Yesterday, in an early morning meeting with the dean, the teacher, me, and the other department head, I asked the teacher, "What would you have done had the student found out on Monday that she had failed?" The teacher would have created an additional assignment for the student.
Yesterday we were running out of time, so we crafted a compromise. The student could go to the morning portfolio review--but then she had to do the extra credit assignment before the late afternoon graduation ceremony. Happily, she did.
In my various responses and in the responses of the others involved (teacher, dean, other department head), I saw us as metaphors for the responses of the Church to the Bible. I saw the Law based approach--what I think of as the discipline and punish approach. It's attractive, I admit, at least to those who can live by the Law. There are clear rules, along with clear punishments for rule breakers. We know what happens when we screw up. It's easy to categorize people, the in and the out.
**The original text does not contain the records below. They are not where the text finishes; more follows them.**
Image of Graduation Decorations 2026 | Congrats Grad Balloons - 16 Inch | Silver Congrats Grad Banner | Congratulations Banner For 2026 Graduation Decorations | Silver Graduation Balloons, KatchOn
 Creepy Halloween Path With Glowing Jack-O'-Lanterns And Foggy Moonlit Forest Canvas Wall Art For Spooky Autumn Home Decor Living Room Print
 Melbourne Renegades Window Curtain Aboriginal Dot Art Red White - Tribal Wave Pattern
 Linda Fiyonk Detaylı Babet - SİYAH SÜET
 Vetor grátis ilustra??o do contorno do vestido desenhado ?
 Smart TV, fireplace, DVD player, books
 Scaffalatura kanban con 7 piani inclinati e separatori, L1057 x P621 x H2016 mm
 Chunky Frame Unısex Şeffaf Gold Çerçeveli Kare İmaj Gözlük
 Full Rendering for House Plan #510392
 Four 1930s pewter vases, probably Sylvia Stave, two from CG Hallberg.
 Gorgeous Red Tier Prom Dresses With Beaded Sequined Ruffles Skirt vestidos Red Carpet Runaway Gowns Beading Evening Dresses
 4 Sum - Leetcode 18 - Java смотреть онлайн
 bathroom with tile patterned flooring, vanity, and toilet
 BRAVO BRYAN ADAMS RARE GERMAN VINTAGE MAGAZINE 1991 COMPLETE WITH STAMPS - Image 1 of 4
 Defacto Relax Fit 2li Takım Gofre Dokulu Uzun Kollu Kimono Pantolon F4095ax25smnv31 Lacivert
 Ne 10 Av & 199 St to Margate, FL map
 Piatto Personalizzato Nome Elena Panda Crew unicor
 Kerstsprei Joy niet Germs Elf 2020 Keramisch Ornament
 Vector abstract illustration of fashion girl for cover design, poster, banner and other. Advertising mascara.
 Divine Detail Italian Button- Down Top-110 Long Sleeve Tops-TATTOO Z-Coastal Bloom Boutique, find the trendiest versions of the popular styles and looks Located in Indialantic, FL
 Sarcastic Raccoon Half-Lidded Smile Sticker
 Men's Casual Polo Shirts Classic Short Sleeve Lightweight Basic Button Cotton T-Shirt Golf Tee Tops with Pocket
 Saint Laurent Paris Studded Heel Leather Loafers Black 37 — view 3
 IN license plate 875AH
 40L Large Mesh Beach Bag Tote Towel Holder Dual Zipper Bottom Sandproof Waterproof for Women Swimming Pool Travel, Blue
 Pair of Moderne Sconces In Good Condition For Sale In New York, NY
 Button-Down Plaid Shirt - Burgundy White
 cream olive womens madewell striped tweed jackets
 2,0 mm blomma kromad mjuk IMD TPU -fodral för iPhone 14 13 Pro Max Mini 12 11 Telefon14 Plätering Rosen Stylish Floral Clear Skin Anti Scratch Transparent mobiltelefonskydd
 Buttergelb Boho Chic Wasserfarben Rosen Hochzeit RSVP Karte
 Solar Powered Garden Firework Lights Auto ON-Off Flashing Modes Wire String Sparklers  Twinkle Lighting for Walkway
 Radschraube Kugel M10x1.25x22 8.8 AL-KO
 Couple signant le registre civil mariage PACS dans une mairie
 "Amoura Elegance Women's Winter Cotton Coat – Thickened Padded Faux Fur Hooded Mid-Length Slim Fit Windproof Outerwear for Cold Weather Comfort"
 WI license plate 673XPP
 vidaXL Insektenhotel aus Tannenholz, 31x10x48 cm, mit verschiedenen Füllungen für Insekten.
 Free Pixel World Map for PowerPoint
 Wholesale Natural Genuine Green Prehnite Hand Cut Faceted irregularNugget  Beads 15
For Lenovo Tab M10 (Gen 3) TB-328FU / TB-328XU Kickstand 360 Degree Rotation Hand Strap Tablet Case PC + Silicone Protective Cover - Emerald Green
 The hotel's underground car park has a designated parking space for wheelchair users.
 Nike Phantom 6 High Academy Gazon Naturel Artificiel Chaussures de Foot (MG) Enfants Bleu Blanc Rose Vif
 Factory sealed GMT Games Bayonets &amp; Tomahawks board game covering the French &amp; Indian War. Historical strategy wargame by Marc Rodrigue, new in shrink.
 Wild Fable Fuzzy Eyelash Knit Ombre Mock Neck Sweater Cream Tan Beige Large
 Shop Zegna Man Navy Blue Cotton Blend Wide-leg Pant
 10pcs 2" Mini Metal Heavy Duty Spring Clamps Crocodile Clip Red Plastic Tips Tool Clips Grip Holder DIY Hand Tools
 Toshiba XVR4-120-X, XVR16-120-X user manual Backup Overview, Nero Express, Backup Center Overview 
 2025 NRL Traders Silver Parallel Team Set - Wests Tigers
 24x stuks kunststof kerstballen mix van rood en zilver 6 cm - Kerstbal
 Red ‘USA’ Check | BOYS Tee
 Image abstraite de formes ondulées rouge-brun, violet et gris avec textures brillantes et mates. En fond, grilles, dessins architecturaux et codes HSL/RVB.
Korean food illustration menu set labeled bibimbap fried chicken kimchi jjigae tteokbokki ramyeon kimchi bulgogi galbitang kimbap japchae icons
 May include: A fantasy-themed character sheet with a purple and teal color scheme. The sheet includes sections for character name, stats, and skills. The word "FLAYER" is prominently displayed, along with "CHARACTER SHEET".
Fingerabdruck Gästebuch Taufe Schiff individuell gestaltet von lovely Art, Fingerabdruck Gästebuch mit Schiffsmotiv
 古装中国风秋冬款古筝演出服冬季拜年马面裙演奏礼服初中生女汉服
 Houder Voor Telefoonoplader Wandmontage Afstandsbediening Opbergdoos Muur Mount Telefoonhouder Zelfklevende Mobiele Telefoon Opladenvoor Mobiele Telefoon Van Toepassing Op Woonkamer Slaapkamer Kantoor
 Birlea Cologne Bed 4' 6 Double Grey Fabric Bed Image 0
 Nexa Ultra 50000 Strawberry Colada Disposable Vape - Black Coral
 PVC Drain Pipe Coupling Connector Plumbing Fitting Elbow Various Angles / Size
But Jesus came to show us a new way, a way based in love and forgiveness. However, that approach doesn't require us to let people walk all over us. The unattractive feature of this approach is the difficulty in figuring out the correct approach to wrongdoing.
In our solution, the student still had some work to do. But she wasn't kept out of the important gatherings of the day.
I liked watching us all work together. By working as a team, we came up with a solution I hadn't though of on my own. It's what should happen, but doesn't happen as often as I'd like.
I wonder if it would happen if I prayed for an open heart more often? Yesterday, knowing that I would start my work day with the meeting and then with the student who had spent hours in hysterics on Wednesday, I prayed as I got out of the shower. I prayed for wisdom and insight and guidance and for an open heart.
My epiphany, when I asked the teacher what she would have done on Monday, felt like an answer to that prayer, as it gave us insight and a path to follow.